В такой постановке вопроса народное сознание из конкретно-исторической силы превращалось в силу не только метафизическую, но и мистическую. Оно им абсолютизировалось и апологетизировалось, со всеми присущими ему величием и слабостями, разумом и предрассудками.
Так, негодуя на своего корреспондента В. Д. Фролова, желавшего «очистить религиозные понятия народа», Толстой с возмущением добавлял: «Того народа, всю высоту религиозного миропонимания которого вы не понимаете, потому что не в силах понять того народа, который воспитал, кормит всех нас». Неколебимая вера Толстого в непогрешимость и высоту «религиозного» сознания народа нашла свое выражение и в письме к А. М. Томилиной, в парадоксальном, если не сказать более, противопоставлении «безграмотной», но «просвещенной старушки», которая знает, «что есть бог» и исполняет его «закон», предписывающий «жить с людьми в согласии и любви», — «жалкой по своему невежеству» женщине, знающей «все подробности крестовых походов, интегральных счислений, спектральный анализ и т. п.», но «не знающей бога, его закона и смысла жизни».

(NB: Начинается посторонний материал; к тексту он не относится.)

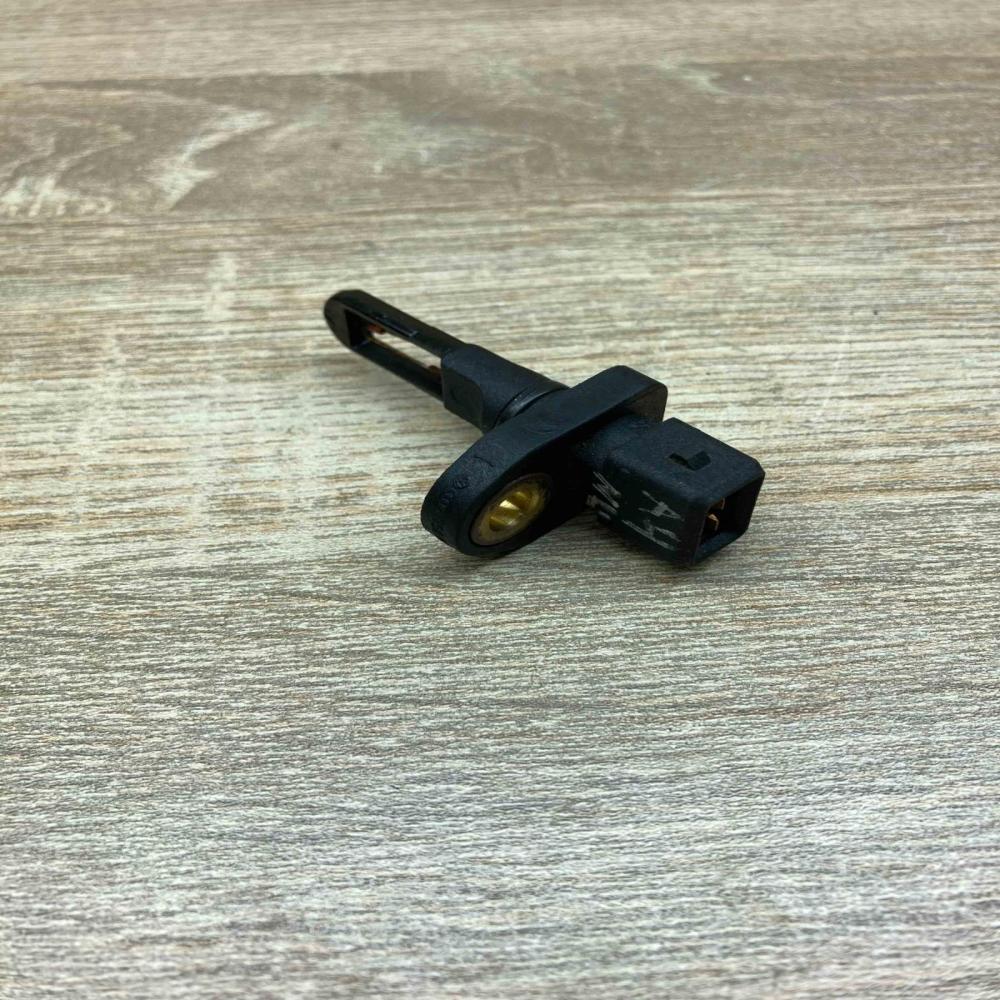 058905379 0280130085  Intake air temperature sensor Volkswagen PASSAT B5.5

Когда Толстой неоднократно повторял, что главное дело «истинных» сторонников народной революции — это совсем не политическая борьба, а «уяснение религиозного сознания», то он в своеобразной и противоречивой форме отражал охватившую народные массы, но еще во многом смутную потребность «совершенно другой жизни, жизни разумной, братской, без безумной роскоши одних и нищеты и невежества других, без казней, разврата, без насилия, без вооружений, без войн».43
Иллюзорные надежды на возможность достижения «братской жизни» мирным путем, без революционного свержения народными массами господства помещиков и капиталистов, проникали реакционную проповедь Толстого.
«Уяснение» всеми и каждым философии всеобщей любви, покорности и смирения, проповедуемых им нравственных норм и принципов и было тем, что Толстой разумел под «нравственным самоусовершенствованием» или «внутренней работой» людей и считал единственно реальным путем к тому, чтобы «под корень вырвать» «существующее, царствующее зло».
Проникнутая идеей единства и братства народов, страстным протестом против всех видов и форм классового, государственного и национального угнетения, против колониального грабежа и империалистических войн, критика Толстого своим пафосом вызывала и укрепляла недовольство народов, усиливала в них дух социального протеста, волю к преобразованию общественной действительности. Религиозная проповедь писателя, его призывы к пассивному «неучастию в зле», его требование нравственного перерождения людей тормозили дело революционного просвещения народа, мешали его освободительной борьбе.